▶ [RECORDS FOR THIS EXERCISE]

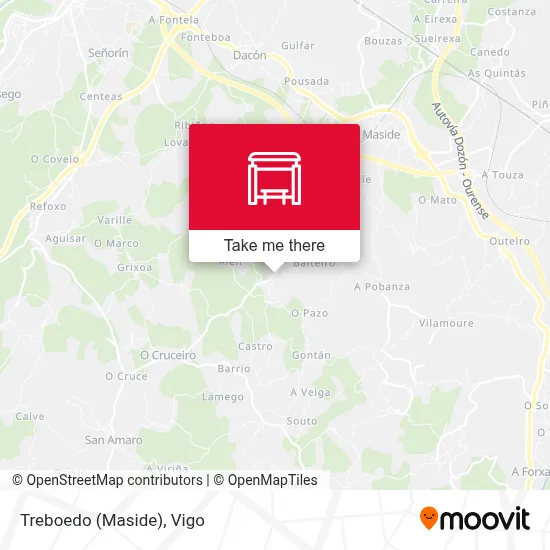 Treboedo (Maside) map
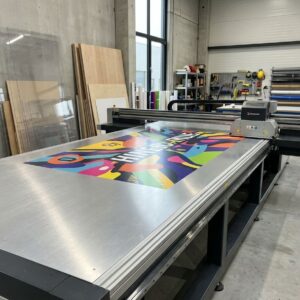 Alu-Verbund-Schild im Direktdruck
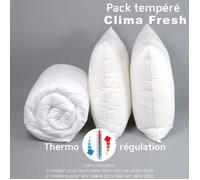 DODO - Pack Clima Fresh Thermorégulation couette TEMPEREE+oreiller - 240 x 260 cm
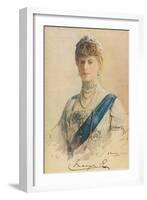 Her Majesty Queen Mary, 1913-John Lavery-Framed Giclee Print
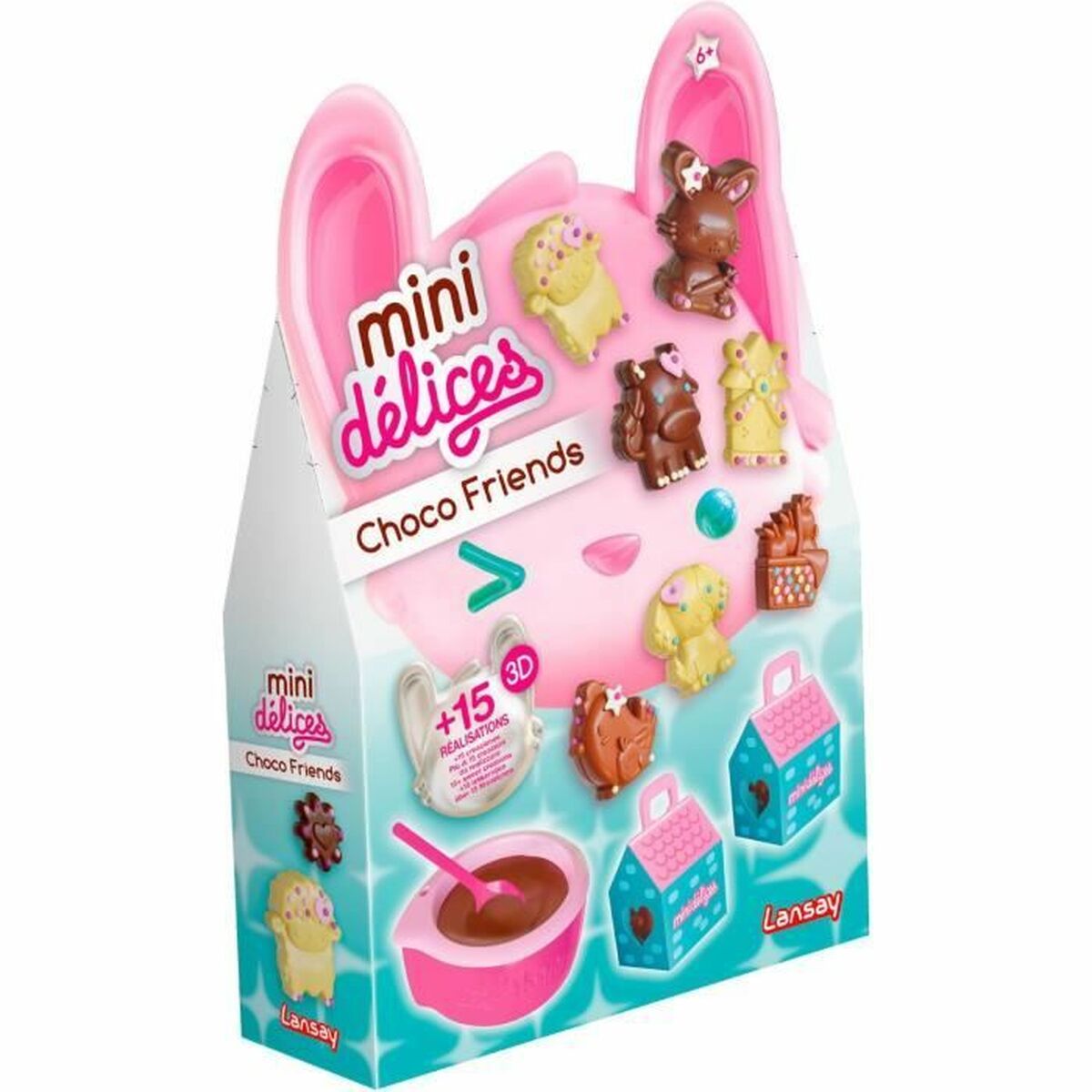 Set of Kitchen Utensils Lansay Mini delicias – LANSAY – Choco Friends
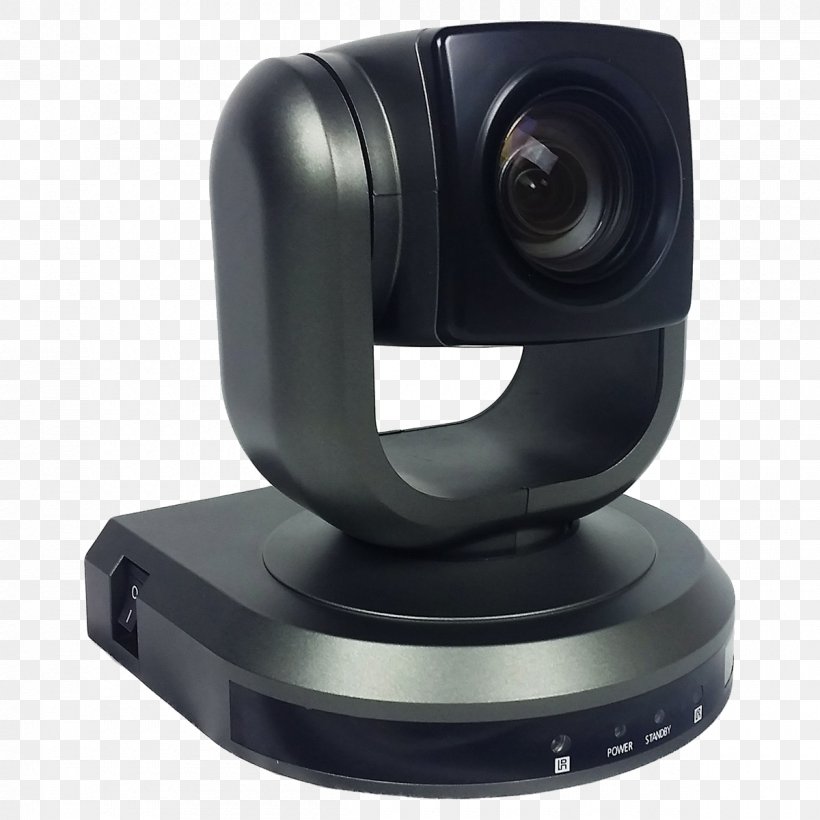 Webcam HuddleCamHD 3X Pan–tilt–zoom Camera Logitech ConferenceCam BCC950, PNG, 1200x1200px, Webcam, Camera, Camera Accessory, Camera Lens, Cameras Optics Download Free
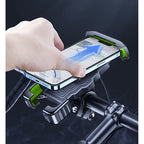 Univerzalni Držač za Mobitel i GPS za Bicikl, Skuter i Motocikl 14.5 x 7.5 cm Crni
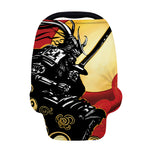 Red Sky And Golden Sun Samurai Print Baby Seat Cover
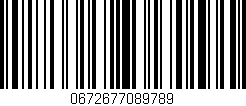 Código de barras (EAN, GTIN, SKU, ISBN): '0672677089789'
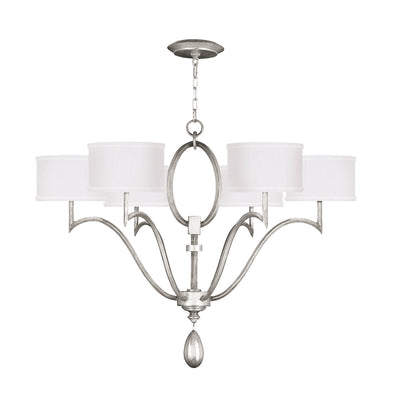 Fine Art - 785840-SF41 - Six Light Chandelier - Allegretto - Silver Leaf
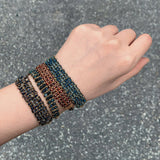 Handmade Multi Natural Gemstone Beaded Woven Bracelet - floysun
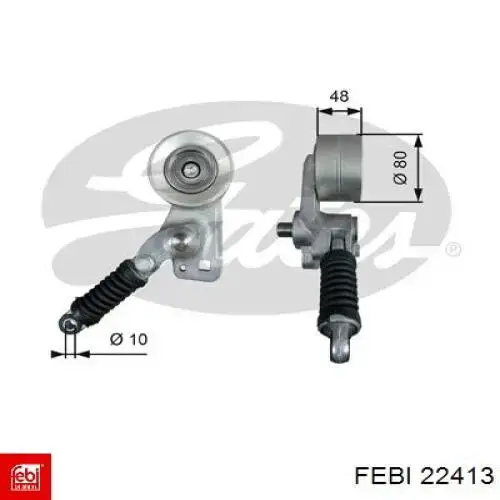 Натягувач приводного ременя OE Germany 012050501000 ціна, від 44.14 USD
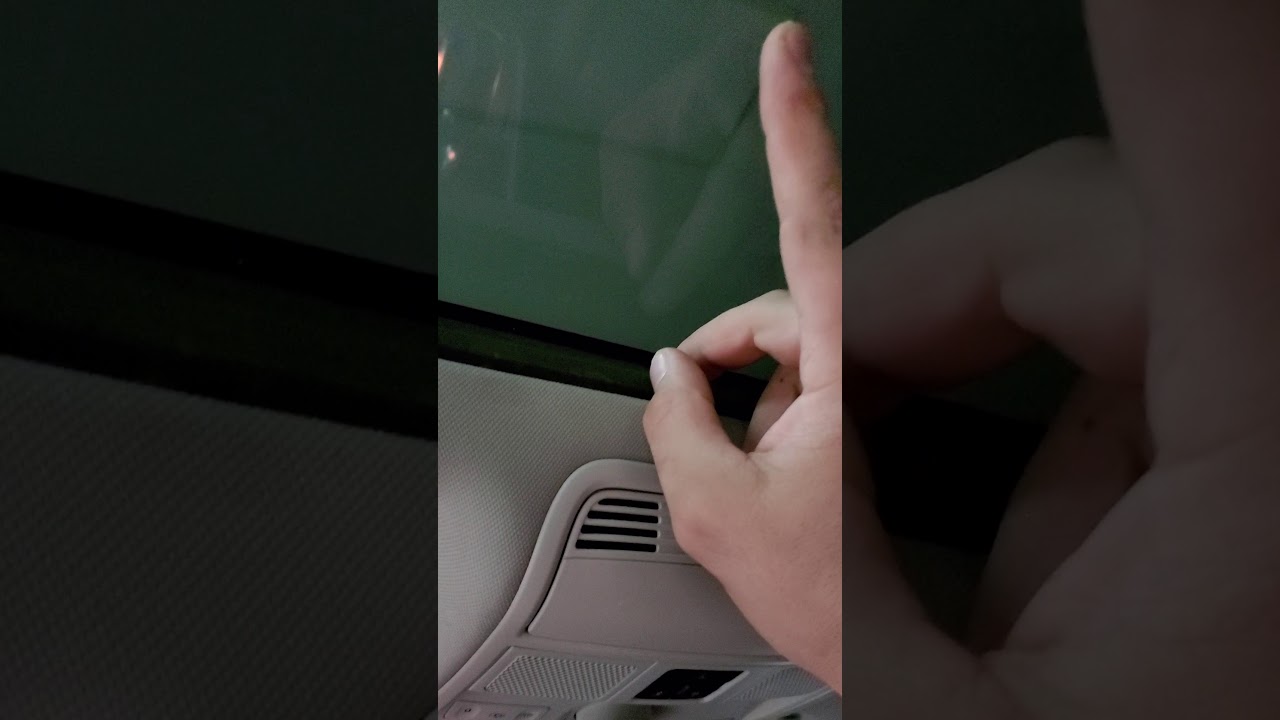 Volkswagen Jetta SportWagen panoramic sunroof repair may apply to audi and VW Passat (Part 3 of 3)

▶ [WORK INSTRUCTION] Repeat exactly the lines from the first line of the records above through the line containing "Univerzalni Držač za", both included. Leave out the pictures.

▶ [ANSWER FOR THIS EXERCISE]
 Treboedo (Maside) map
 Alu-Verbund-Schild im Direktdruck
 DODO - Pack Clima Fresh Thermorégulation couette TEMPEREE+oreiller - 240 x 260 cm
 Her Majesty Queen Mary, 1913-John Lavery-Framed Giclee Print
 Set of Kitchen Utensils Lansay Mini delicias – LANSAY – Choco Friends
 Webcam HuddleCamHD 3X Pan–tilt–zoom Camera Logitech ConferenceCam BCC950, PNG, 1200x1200px, Webcam, Camera, Camera Accessory, Camera Lens, Cameras Optics Download Free
 Univerzalni Držač za Mobitel i GPS za Bicikl, Skuter i Motocikl 14.5 x 7.5 cm Crni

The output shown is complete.